Lastly we have a “scale” feature, which simply takes the log of the scale value calculated with the mean absolute scaling. I’m not entirely sure why this works, but my perception from using this on the base-lstm model from my last post, is that it does indeed help the model pick up the trend of the data more accurately. However I have no empirical proof of this in DeepAR so we’re gonna test that now.

So, my hypothesis is that none of these features in their current form actually help the model to make better forecasts. I’m going to test this by performing what’s called an ablation study. This means that we will train several models with different combinations of features and then compare the results. We train each model 5 times with different seeds and then calculate the average of the metrics for the tourism dataset and the electricity dataset. Now to be clear, we are going to use my implementation of DeepAR), which is not the same as the GluonTS implementation. My implementation produces point forecasts and is therefore trained as a regression task. Yes I know that DeepAR is a probabilistic model, but for the purposes of finding out which features are making a difference, I think we can safely ignore this. Apart from this the model architecture and the dataset are the same.

Electricity MASE
Electricity MASE
Tourism MASE
Tourism MASE

If you’re interested you can find more details on these WandB projects Electricity and Tourism, but to me with Electricity it looks like there maybe some suggestion that using few features is better than using many, but not statistically significant. The tourism results are all within the same standard error. My conclusion overall is that these features either individually or collectively do not help the model to make better forecasts.

So if we’re using a vanilla lstm and these covariates are not helping, what is it that makes DeepAR so good? Well, partner take a seat by the campfire and I’ll tell you.

When you create an estimator in GluonTS you can specify a lag sequence. This is a sequence of historical timesteps that will be added to each timestep as covariates. If we specify a lag sequence of 12, then alongside our input data we will also include the data from 12 timesteps ago ( or a year ago in the case of a monthly dataset like Tourism). If you don’t specify a lag sequence, then GluonTS will create one for you based on the frequency of the data. For a monthly dataset like Tourism the default lags are:

1
[1, 2, 3, 4, 5, 6, 7, 11, 12, 13, 23, 24, 25, 35, 36, 37]

Lag sequence for monthly dataset

For an hourly dataset like electricity the lag sequence contains 40 lags between 1 hour and 721. Now if you’re there thinking, isn’t it a bit odd that we’re using covariate features that contain temporal information from the past in a model whose architecture is designed to capture temporal information from the past, then you’re not alone.
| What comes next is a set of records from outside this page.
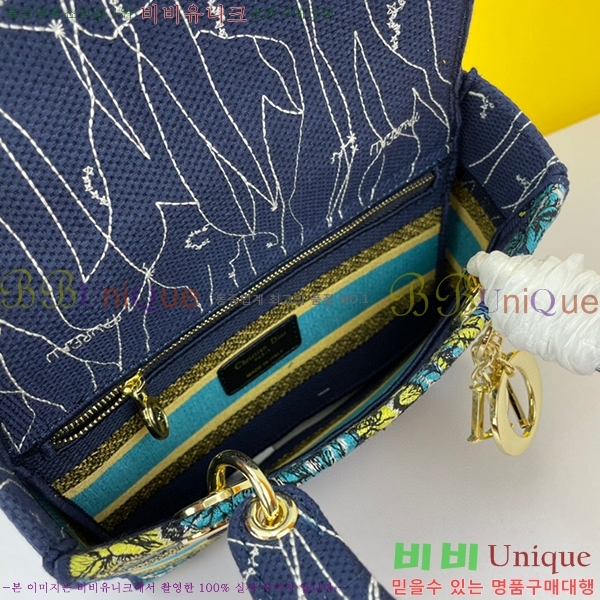 ST ��� ���̵�� M8002-13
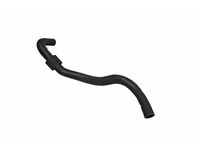 Volkswagen 5K0-122-109-C Reservoir Hose Volkswagen 5K0-122-109-C Reservoir Hose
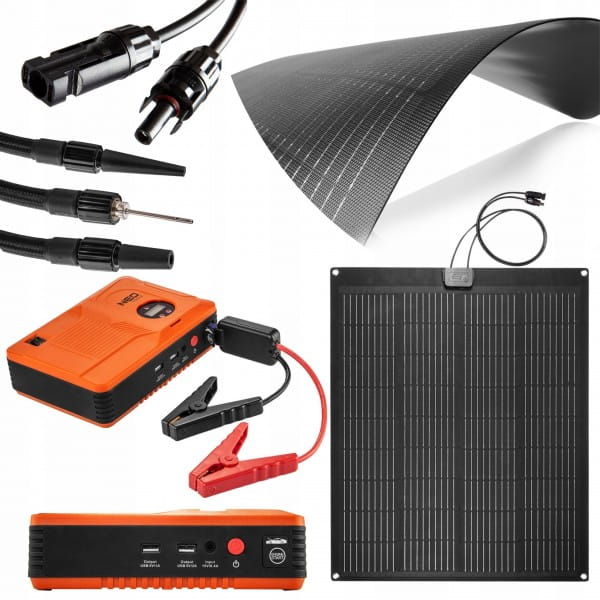 b189f1edd8c337a1781ad1cbda23cc65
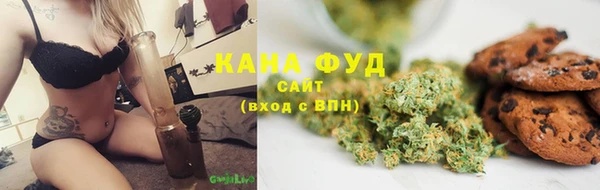 крисы Богородицк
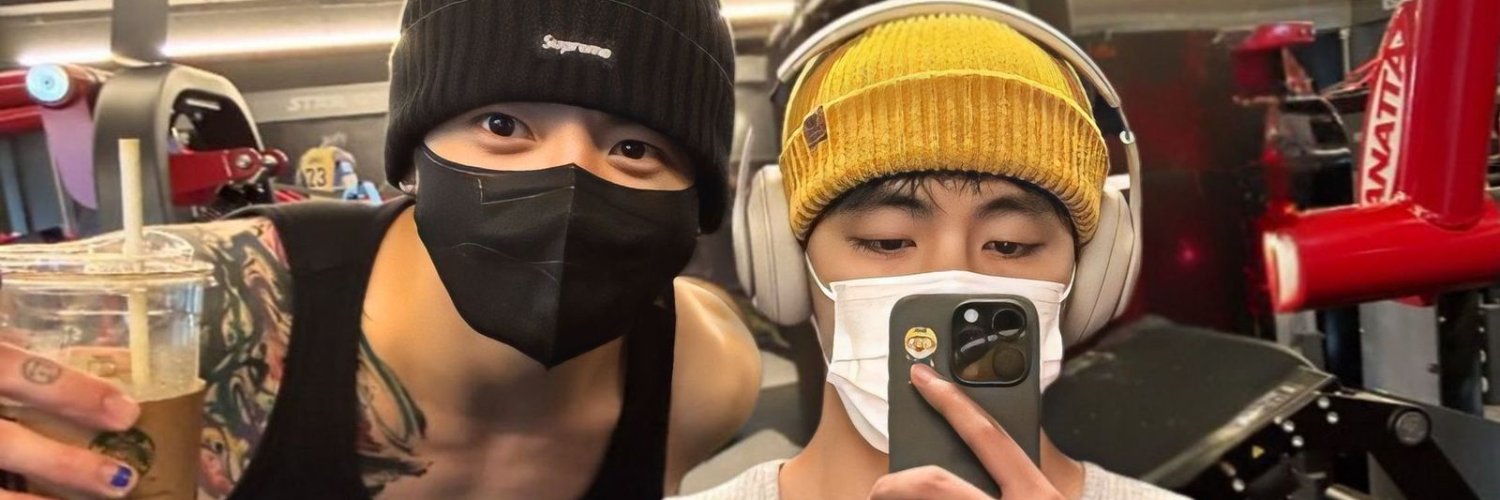 kiimkookie's profile banner image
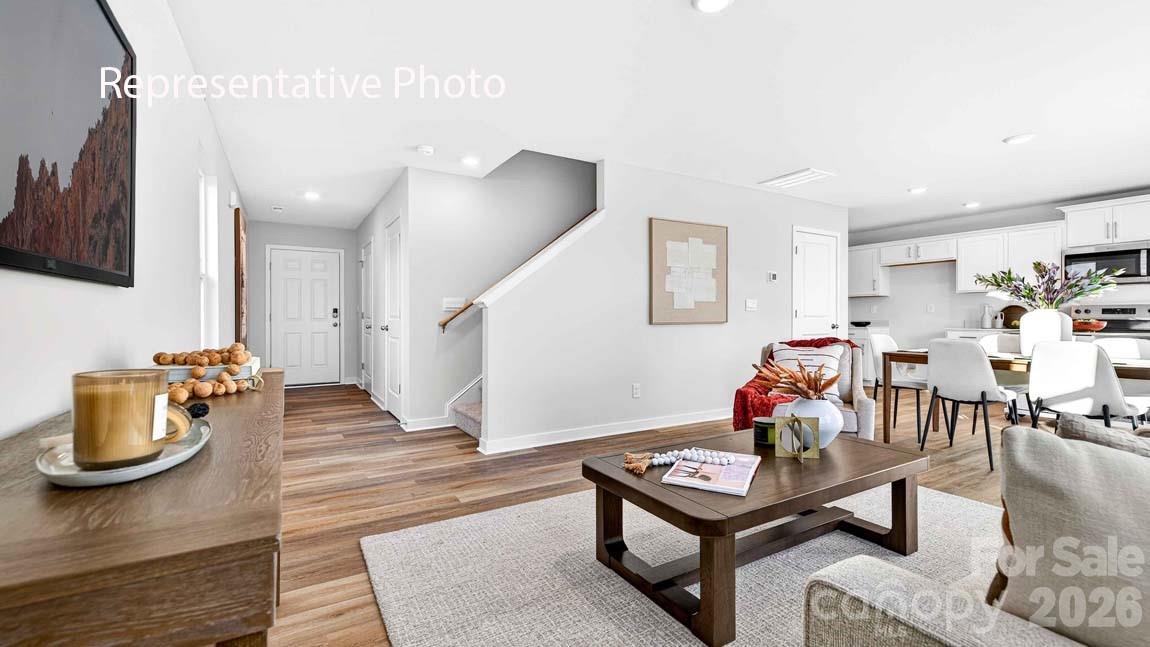 2114 10th Street Property Photo 8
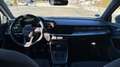 Audi A3 A3 SB 30 TFSI intense intense Grau - thumbnail 5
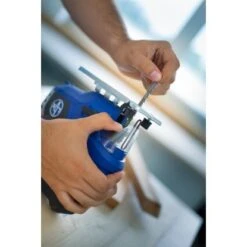 LUX Stichsäge STS-500 15 LUX Stichsäge STS-500 -Gartengeräte Geschäft 665551 picture4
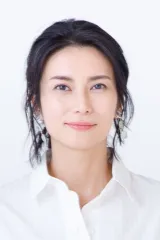 Ko Shibasaki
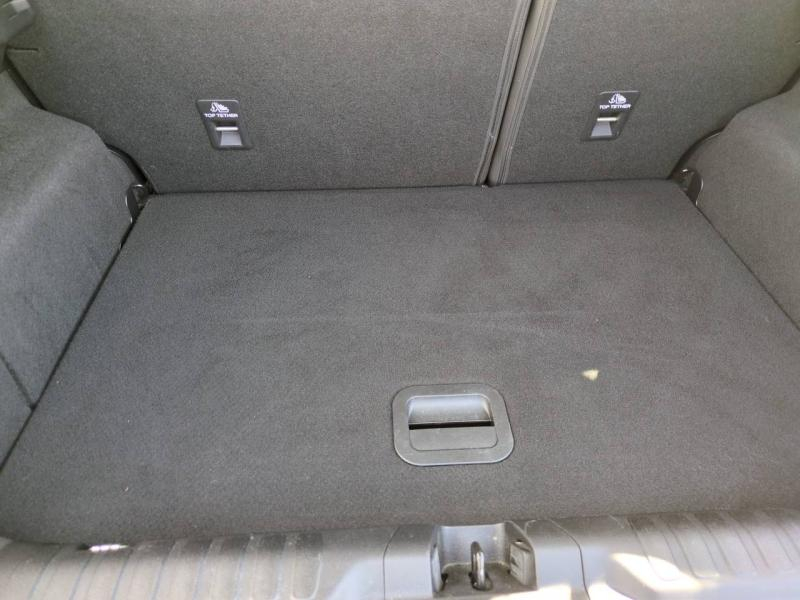 Photo 18 de l’annonce de FORD Puma d’occasion à vendre à NÎMES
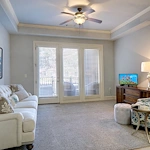 Image of Watermere at Southlake (7)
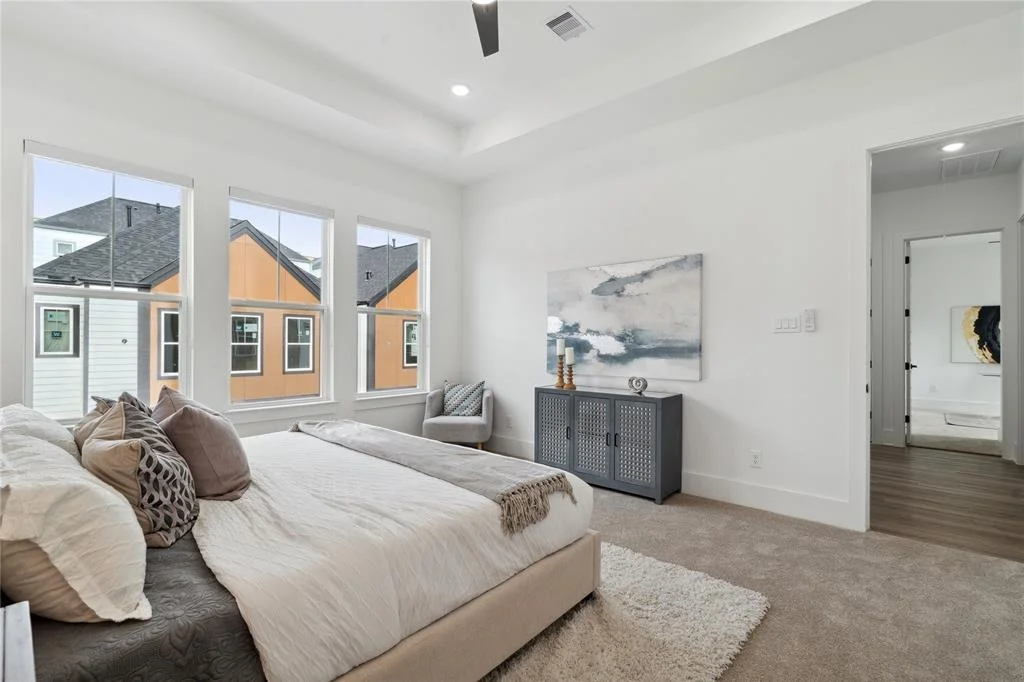 Photo of 9011 Orange Spring Drive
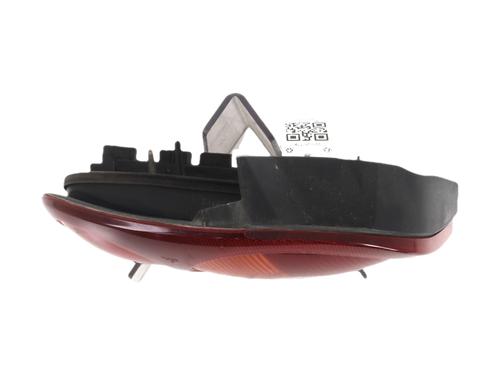 Used Left taillight Left taillight RENAULT MEGANE I Cabriolet (EA0/1_) 2.0 16V (139 hp) 36548867 36548867
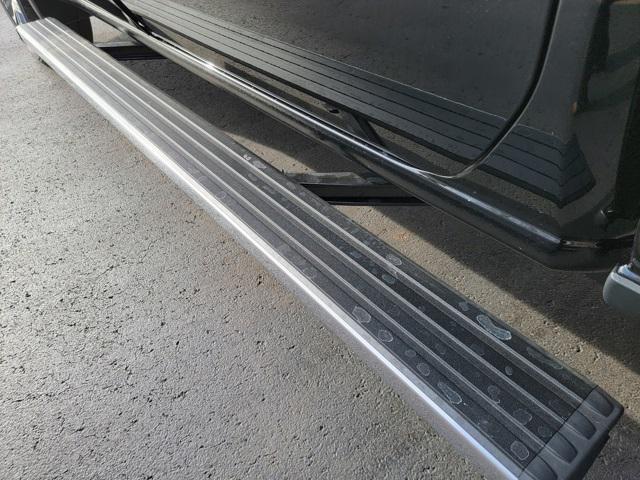 new 2026 GMC Sierra 1500 car, priced at $67,095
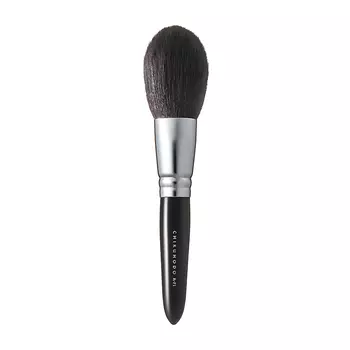 Кисть для макияжа Chikuhodo Face Brush Powder R-P1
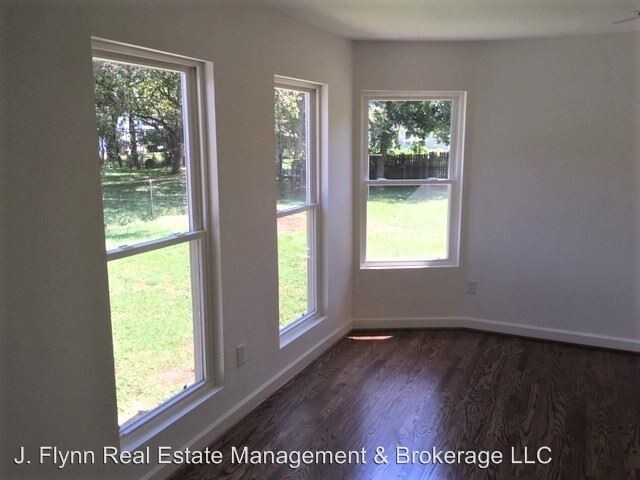 Building Photo - 3 br, 2 bath House - 3544 Stonehaven Dr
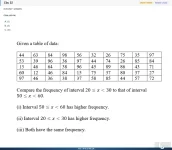 MAS291 SP26 B5 FE_032.webp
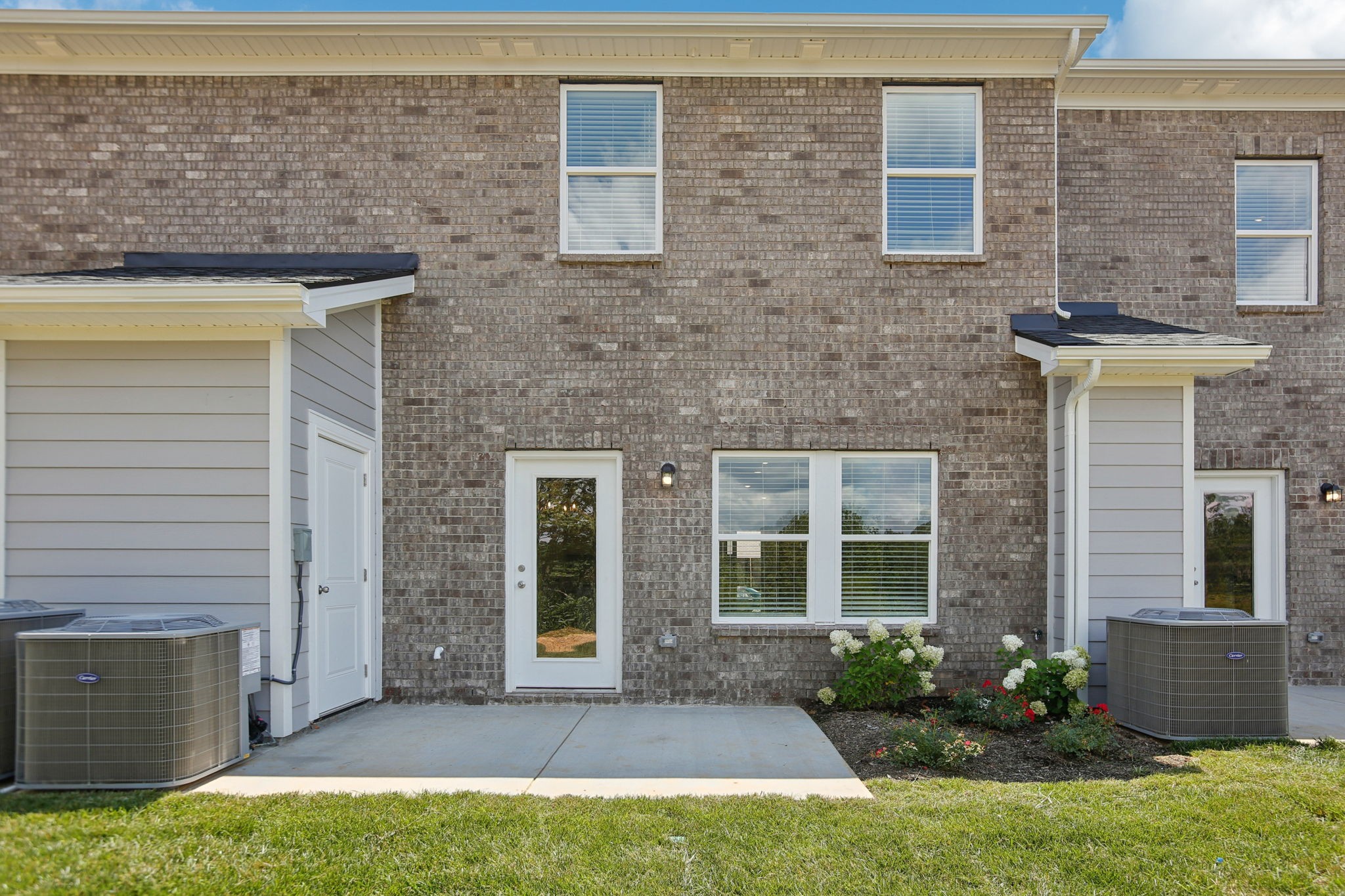 7137 Cedarcrest Lane Fairview TN 37062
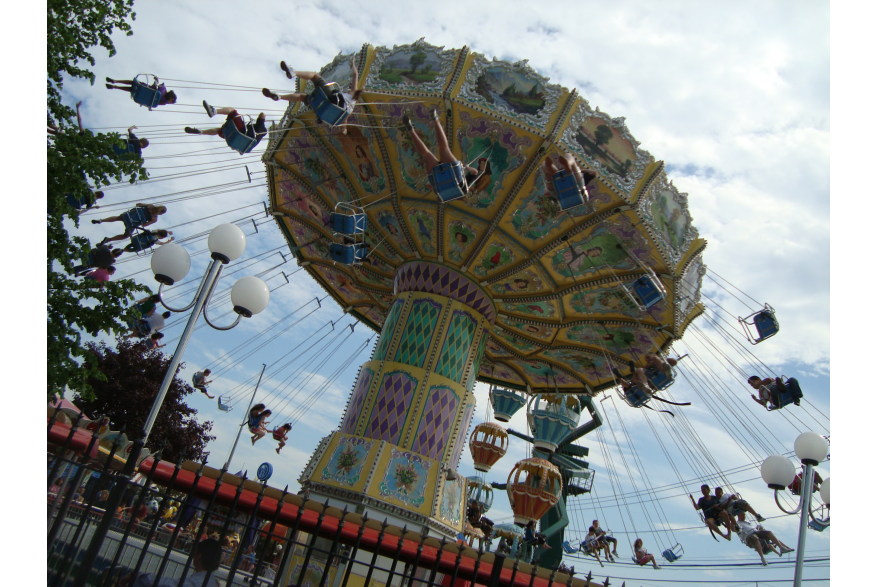Adventureland.jpg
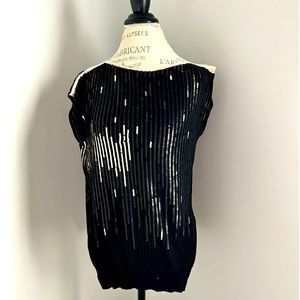 Jil Sander sleeveless top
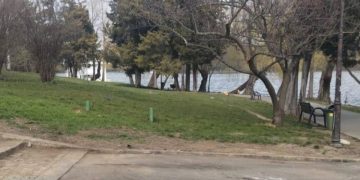 ciprian ciucu a declarat ca va scoate cascarbetele ilegale din herastrau si cismigiu suntem la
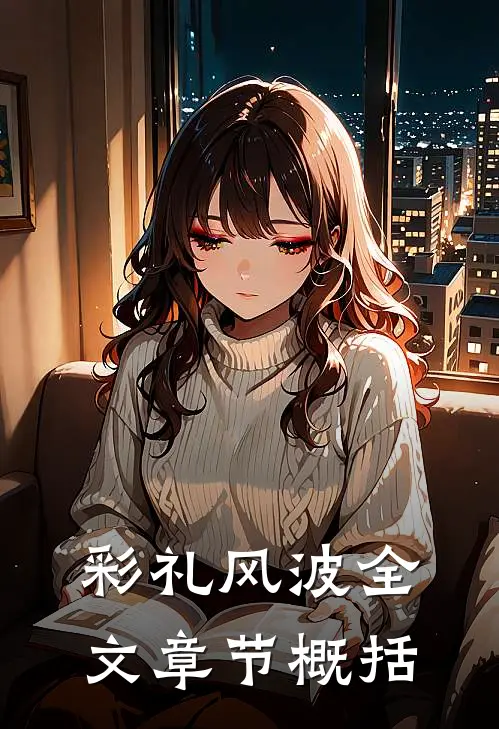 彩礼风波全文章节概括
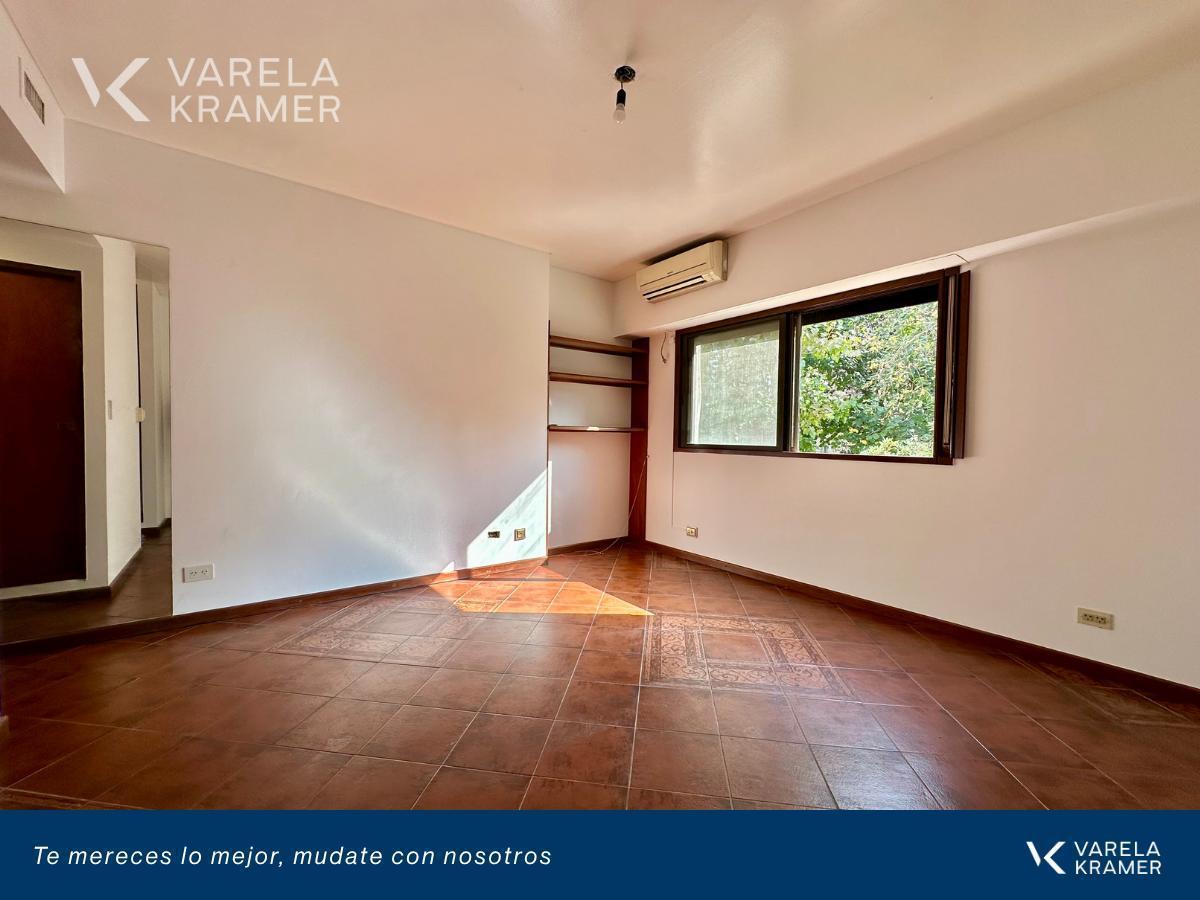 Foto de PH en Venta en Olivos, imagen 1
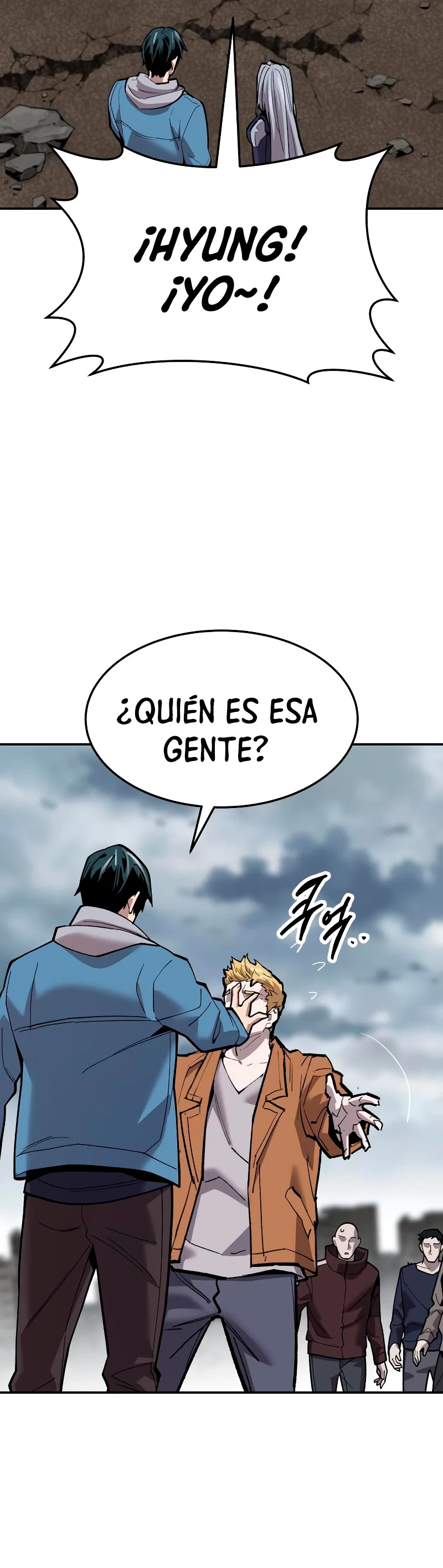 Página 58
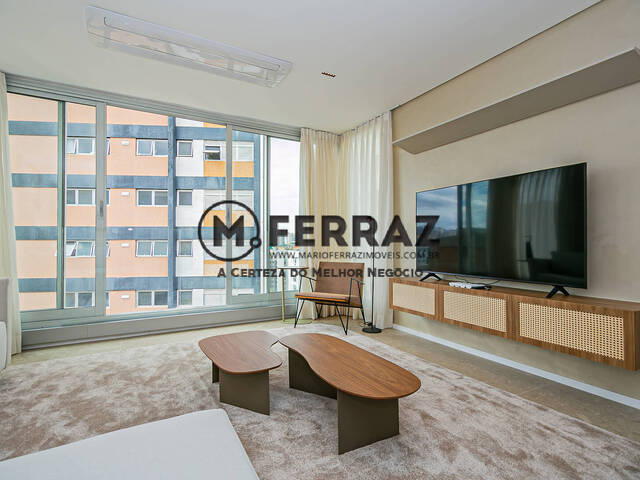 Triplex para Venda em São Paulo - 5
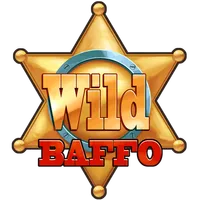 Wild Baffo icon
What impact do these lags have on performance, well let’s test it and find out. As before we’re going to train models with different lag sequences and compare the results. We’ll start off with 1 lag and gradually add more and more.

Tourism MASE
Tourism Lags MASE

What do you think of that? The more lags we add the better the model performs. My boy, you’ve become rich. It seems we’ve found the secret sauce that makes DeepAR so good.

5. Conclusion

One of the key issues that I think we have with the benchmarking of these models is the size of the context length or the look back window. This is how many timesteps the model can see in the past when we use recurrence. For Tourism it’s 15 and Electricity it’s 30. Let’s just put that into perspective, we’re going to provide a day and a quarter of data to a model and expect it to forecast the next 7 days. Now I’m not saying that if the context lengths included the same time range as the lags that we could exclude the lags and still get the same performance but I do think that this configuration does not allow the lstm to do what it does best.

Overall, despite my misgivings about the covariates and some of the implementation details, DeepAR is a very powerful model that can outperform even the latest generation of transformer based models and maybe there are some areas where it can be improved further still.

So there you have it, a look at what makes DeepAR tick and this is where we part ways, so long, adios amigos.

This post is licensed under CC BY 4.0 by the author.